XLI. Partieller Schlaf; Aufmerksamkeit.

    Der Schlaf ist in der gewöhnlichen Bedeutung, in welcher er bisher ins Auge gefaßt worden, ein Phänomen, welches das Bewußtsein des ganzen Menschen oder anders das ganze Bewußtsein des Menschen trifft, und setzt voraus, daß nirgends die psychophysische Tätigkeit über die Schwelle erhoben sei. Aber wenn die Ansicht vom ausgedehnten Seelensitze triftig ist, so muß es möglich sein, daß die psychophysische Tätigkeit anstatt auf einmal ganz unter die Schwelle zu sinken, jetzt hier, jetzt da darunter sinke, und der Mensch also partiell einschlafen und wachen könne.

    Diese einfache Konsequenz der Ansicht vom ausgedehnten Seelensitze findet ihre eben so einfache als direkte Bestätigung in der Erfahrung.

    Jede Zuwendung der Aufmerksamkeit zu einem Sinne ist als ein Erwachen dieses Sinnes, und jede Abwendung davon als ein Versinken in Schlafzustand zu fassen, aus dem ein Erwecken durch Willkür oder Reize stattfinden kann, und wohl selten oder niemals ist Alles, was vom Menschen überhaupt wach sein kann, auch wirklich zugleich wach. Wenn ein Mensch in so tiefes Nachdenken versunken ist, daß er nicht sieht und hört, was um ihn vorgeht, so schläft die Sphäre aller äußeren Sinne eben so wie beim wirklichen Schlafe. Ein Sinnesreiz muß dann ganz eben so wie bei diesem erst eine gewisse Stärke übersteigen, ehe er den betreffenden Sinn erweckt, erweckt ihn aber auch eben so sicher, wie den ganzen Menschen, wenn er solche übersteigt. Auch kann sich dieser Schlaf der äußeren Sinne eben so wie der allgemeine Schlaf mehr oder weniger vertiefen, und es gibt Zustände innerer Exstase, wo der Mensch mit offenen Augen und Ohren gegen alle äußeren Reize so gut wie unempfindlich ist.

    Umgekehrt schläft bei einem Menschen, der, wie man sagt, ganz Aug’ oder Ohr ist, nicht nur jeder andere Sinn, sondern auch die ganze Sphäre der inneren Vorstellungstätigkeit, deren psychophysischer Schauplatz nach später geltend zu machenden Gründen mit dem der sinnlichen Bilder zwar zusammenhängt, aber nicht zusammenfällt, und die hier zur Sprache kommenden Verhältnisse gehören selbst zu den Gründen, es anzunehmen.

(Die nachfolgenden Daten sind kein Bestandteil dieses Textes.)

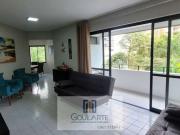 Apartamento para Venda em Guarujá/SP Pitangueiras 3 Quartos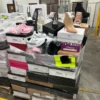 Palette de chaussures pour femmes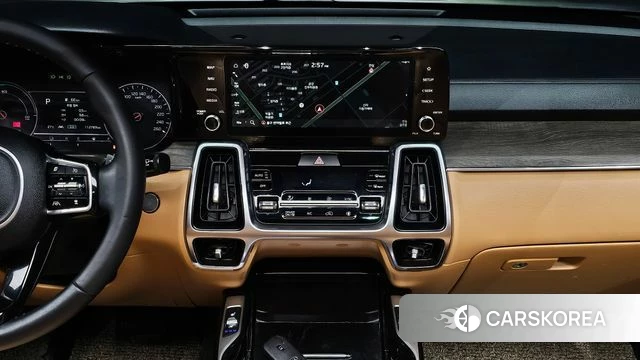 Kia Sorento 4th Generation 2021 Белый из Кореи, фото 6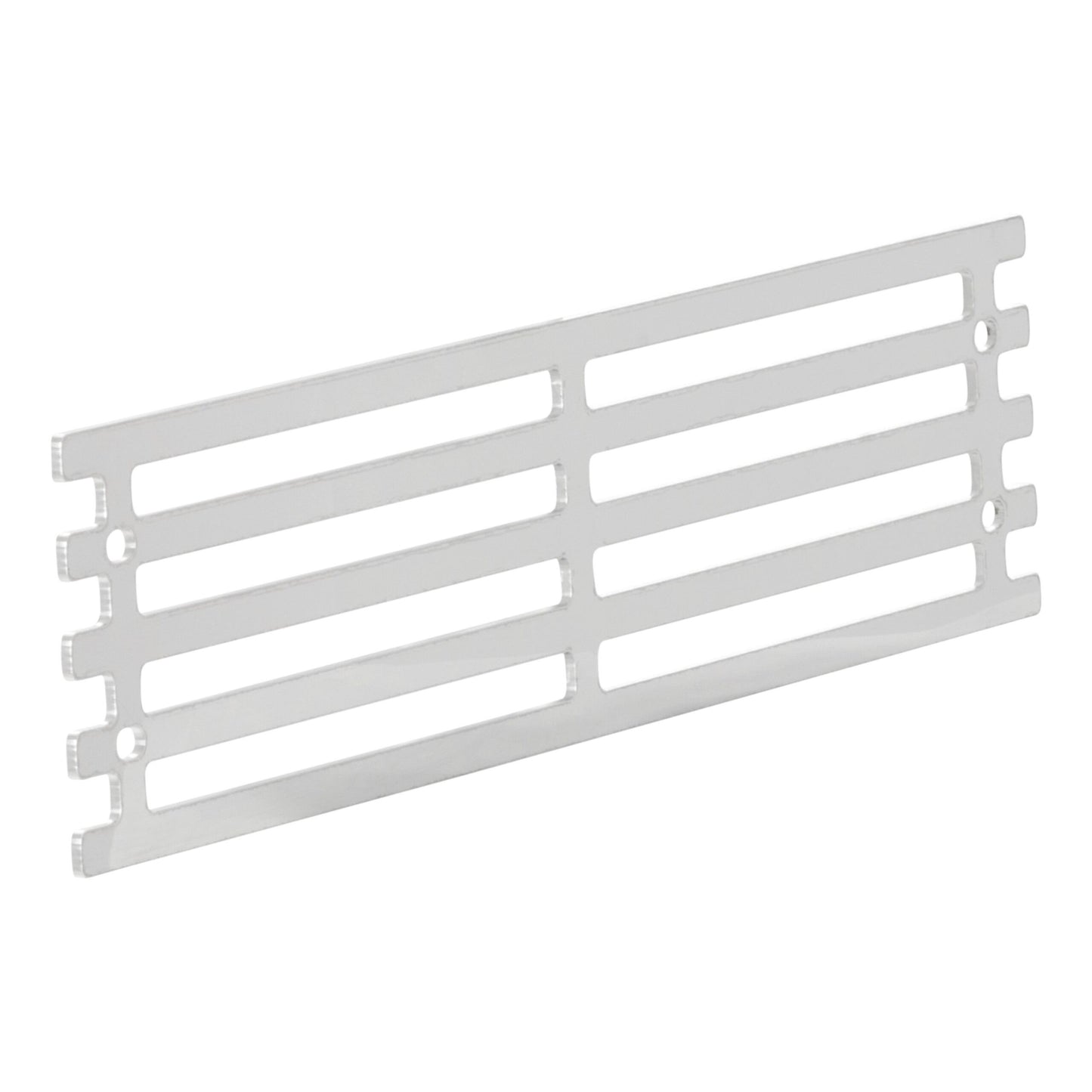 Luverne Polished Stainless Steel Bumper Grille Insert, Select Silverado 2500, 3500 HD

    Nicht nur zwischen der äußeren und inneren Sphäre der Bewußtseinstätigkeit im Ganzen findet dieser Wechsel statt, sondern auch zwischen einzelnen Teilen derselben.

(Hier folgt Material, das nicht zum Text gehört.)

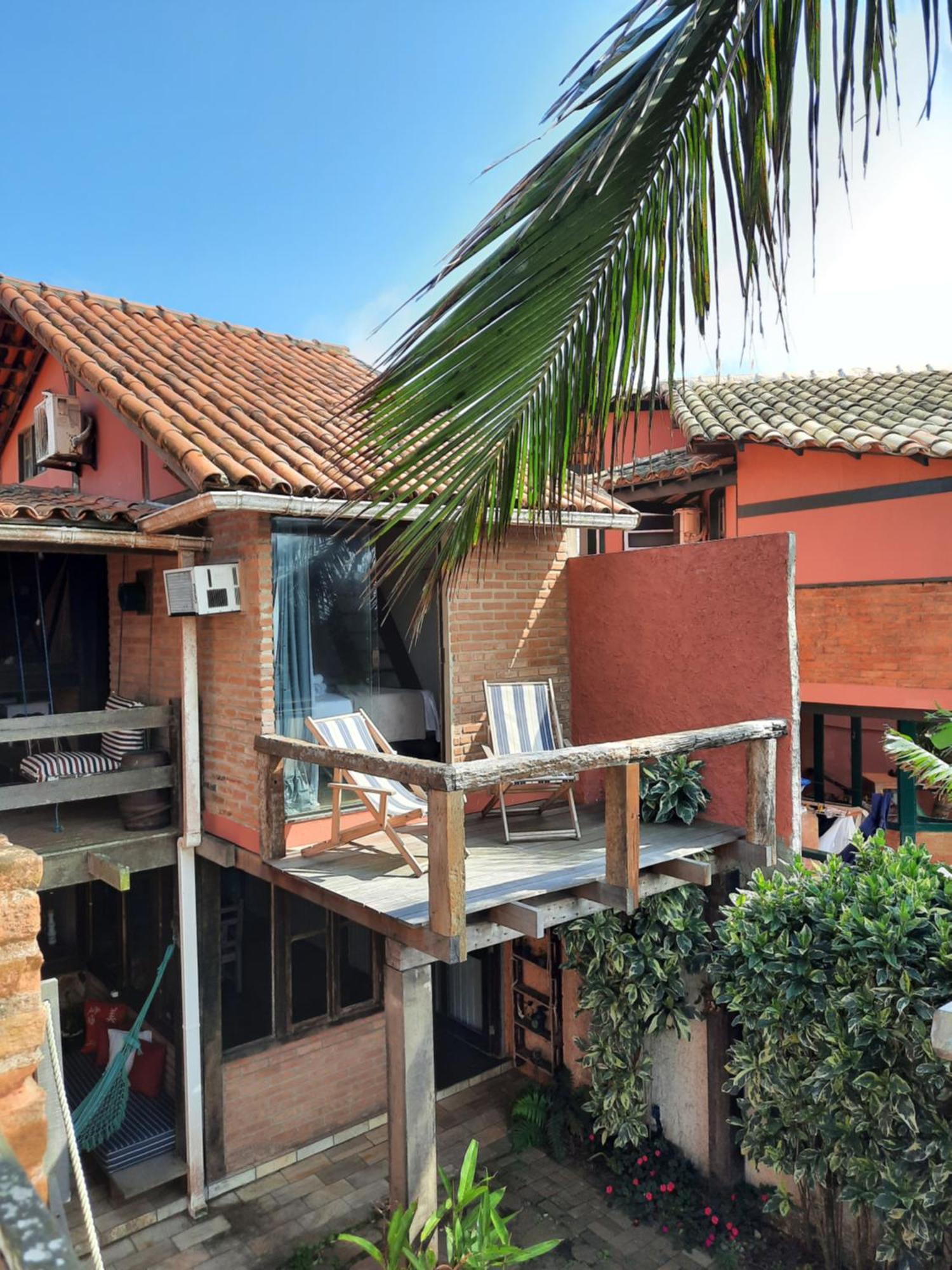 Pousada Icthus Cabo Frio Exteriér fotografie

    Erwacht der Mensch des Morgens, so erwacht anfangs so zu sagen nur ein Punkt des ganzen Menschen, wie von der aufgehenden Sonne zuerst nur ein Punkt den Horizont, die Schwelle des Tages, übersteigt. Und schläft der Mensch ein, so ist er großenteils schon eingeschlafen, ehe er ganz einschläft. Will der Mensch vor dem Einschlafen seine Aufmerksamkeit noch auf etwas richten, so oszilliert wohl der letzte Punkt noch eine Zeit lang abwechselnd über und unter die Schwelle; indem er durch die Aufmerksamkeit momentan darüber gehoben wird, und bei Nachlaß derselben darunter sinkt.

    "Le sommeil ne s'empare pas brusquement de tout notre être, nos organes s'endorment successivement à des degrés variables: plusieurs veillent encore que d'autres sont déjà endormis, qui s'éveilleront peut-être à leur tour quand les premiers s'endormiront."... " Presque toujours la vue, c'est le sent, qui s'endort le premier.... Plus tard que la vue, l'ouïe s'endort .... De l'étude précédente sur l'état des sens dans le sommeil, il résulte, que s'ils ne s'endorment pas en même temps ni au même degré, leur réveil ne se fait pas non plus instantanément pour tous." (Longet, traité de physiol. T. I, p. 409 suiv.)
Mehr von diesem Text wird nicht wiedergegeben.